Transaction Charges Take the Biggest Hit
Transaction charges, the NSE's single largest revenue stream, fell 4 per cent to ₹13,057.01 crore in FY26 from ₹13,635.76 crore in FY25. The decline reflects a broader softening in trading activity across segments that the exchange itself acknowledged in its DRHP filing.
Income from clearing and settlement services recorded a sharper contraction, sliding 21.8 per cent to ₹251.45 crore in FY26 from ₹321.34 crore a year earlier. This segment, while smaller in absolute terms, saw the steepest percentage decline among NSE's core revenue lines.
Listing Services Offer a Rare Bright Spot
Not all segments moved lower. Revenue from listing services bucked the trend, rising 10 per cent year-on-year to ₹352.43 crore in FY26 from ₹313.82 crore in FY25. The uptick reflects sustained corporate appetite for equity listings, even as secondary-market activity cooled.
Trading Volumes Weaken Across Cash and Derivatives
The DRHP data points to a broad-based slowdown in market activity. Average daily trading volume (ADTV) in the cash market fell 6.59 per cent to ₹1,05,516.66 crore in FY26, down from ₹1,12,963.24 crore in FY25.
The derivatives segment fared no better. Equity futures ADTV dropped 14.23 per cent year-on-year to ₹1,59,443.21 crore from ₹1,85,901.44 crore, while equity options ADTV — measured in premium value terms — fell 7.66 per cent to ₹57,661.75 crore from ₹62,448.66 crore. The derivatives slide is notable given that this segment had been a primary growth engine for the exchange in prior years.
NSE's Own Risk Warning
In the DRHP, the NSE cautioned that any sustained decline in trading volumes or transaction values could reduce demand for its products and services, which may 'adversely affect its growth prospects, financial condition, business performance and cash flows.' The candid disclosure is a standard regulatory requirement but carries added weight given the timing of the IPO filing.

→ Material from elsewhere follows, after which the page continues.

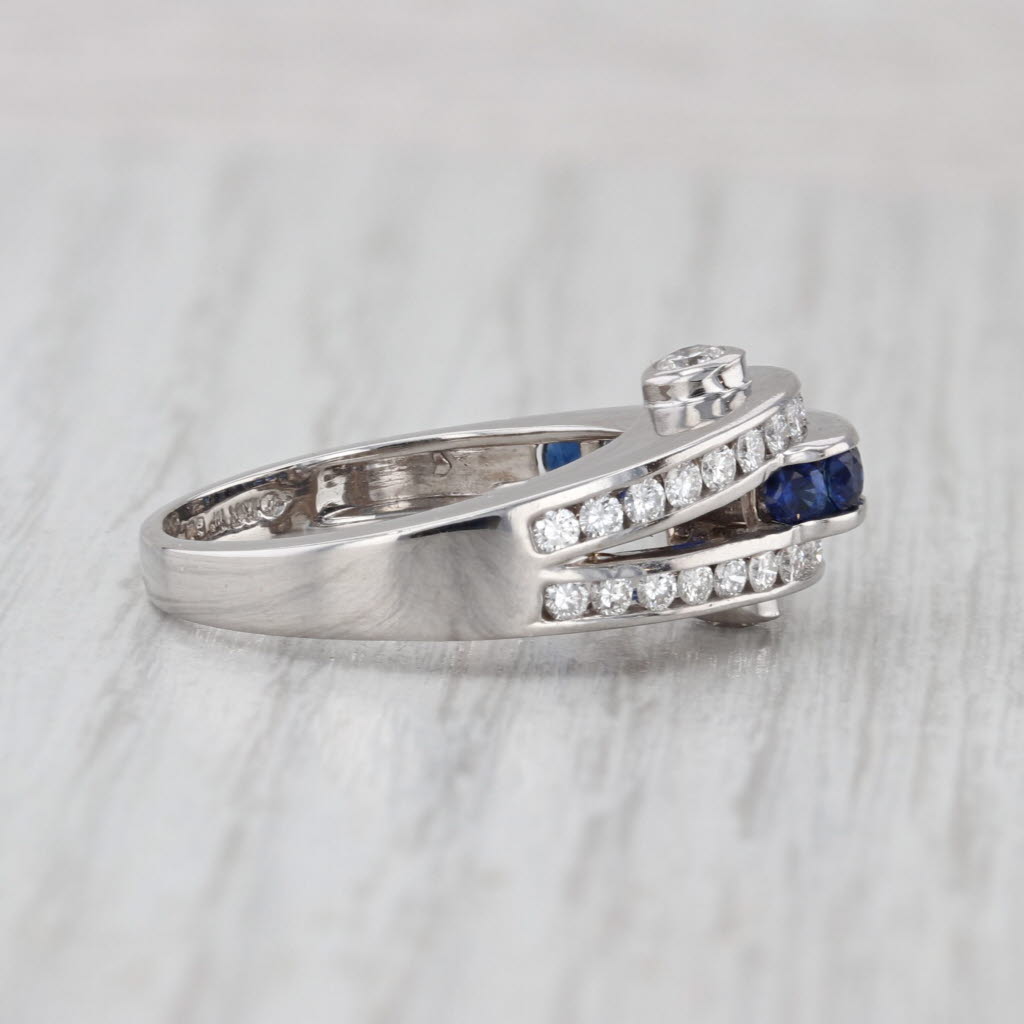 Krypell 1.35ctw Blue Sapphire Diamond Ring 18k White Gold Size 8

What This Means for the IPO
The NSE IPO has been one of India's most closely watched potential listings for several years, repeatedly delayed by regulatory and governance considerations. The FY26 performance data, now part of the public record through the DRHP, will be closely scrutinised by institutional investors assessing the exchange's earnings trajectory. This comes amid a broader moderation in retail participation in equity derivatives — a trend that SEBI's own circulars on derivatives risk disclosure have sought to address. How the market prices NSE's growth story against a backdrop of volume softness will be a key determinant of the IPO's reception.